Exercise data:

══════

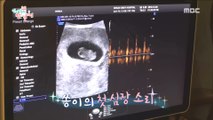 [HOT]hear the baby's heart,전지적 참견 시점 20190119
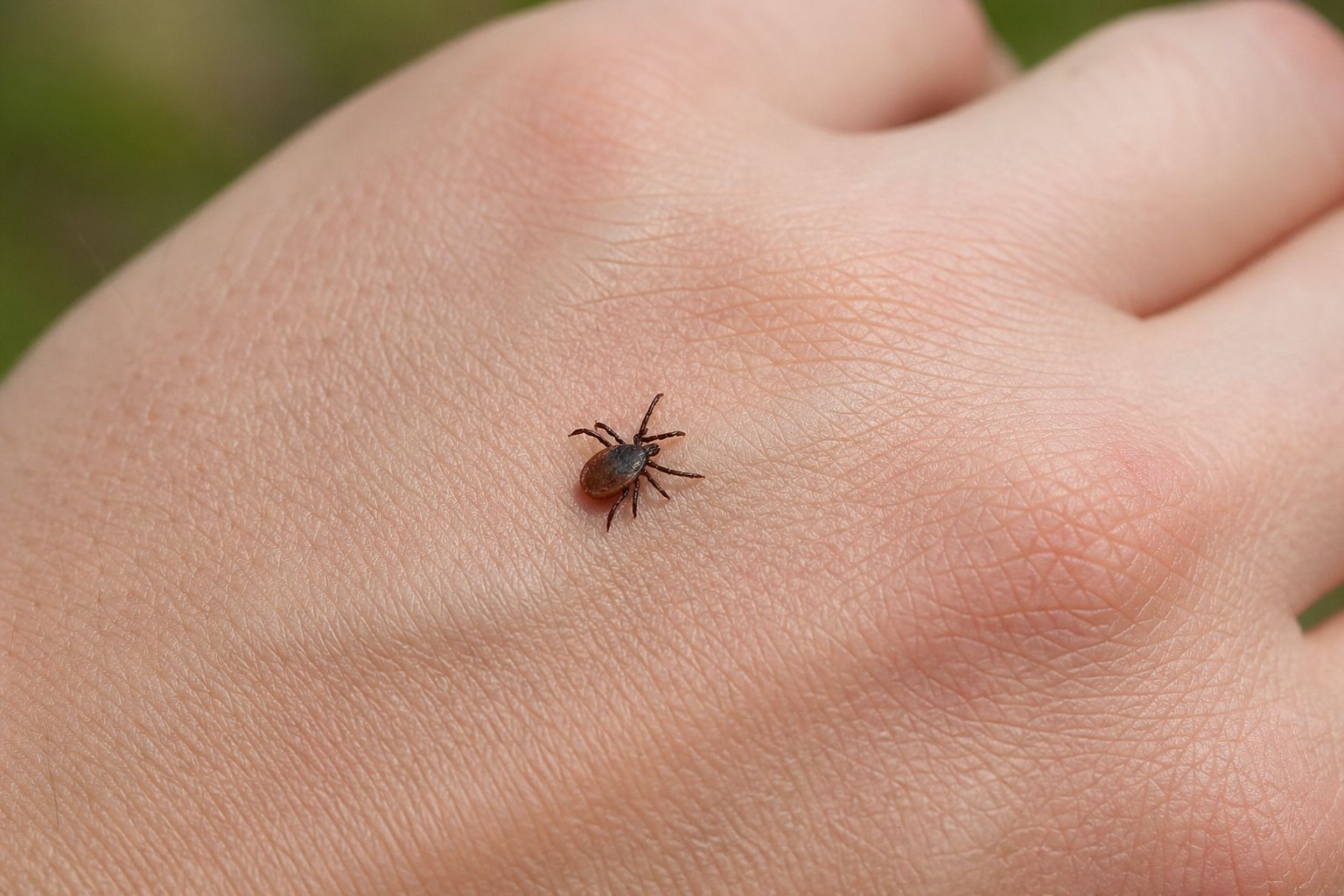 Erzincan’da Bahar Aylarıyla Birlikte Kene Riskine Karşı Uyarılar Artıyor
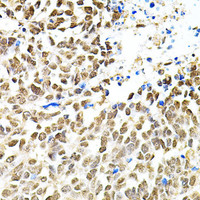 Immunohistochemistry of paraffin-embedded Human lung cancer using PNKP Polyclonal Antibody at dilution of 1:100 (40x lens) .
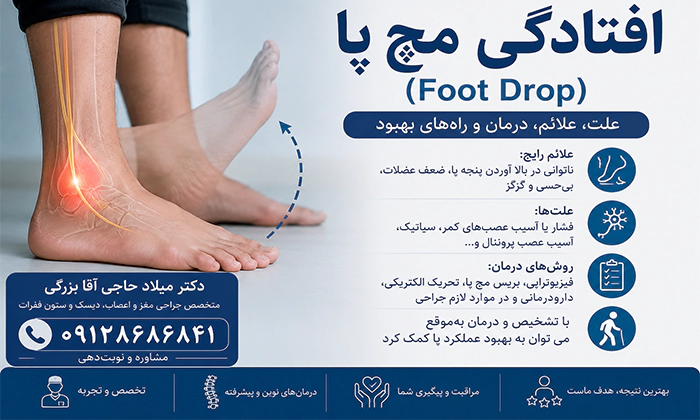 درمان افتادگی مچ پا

══════

Description of the task: Please copy the data shown above, line by line and exactly, omitting the images.

Result of the task:
 [HOT]hear the baby's heart,전지적 참견 시점 20190119
 Erzincan’da Bahar Aylarıyla Birlikte Kene Riskine Karşı Uyarılar Artıyor
 Immunohistochemistry of paraffin-embedded Human lung cancer using PNKP Polyclonal Antibody at dilution of 1:100 (40x lens) .
 درمان افتادگی مچ پا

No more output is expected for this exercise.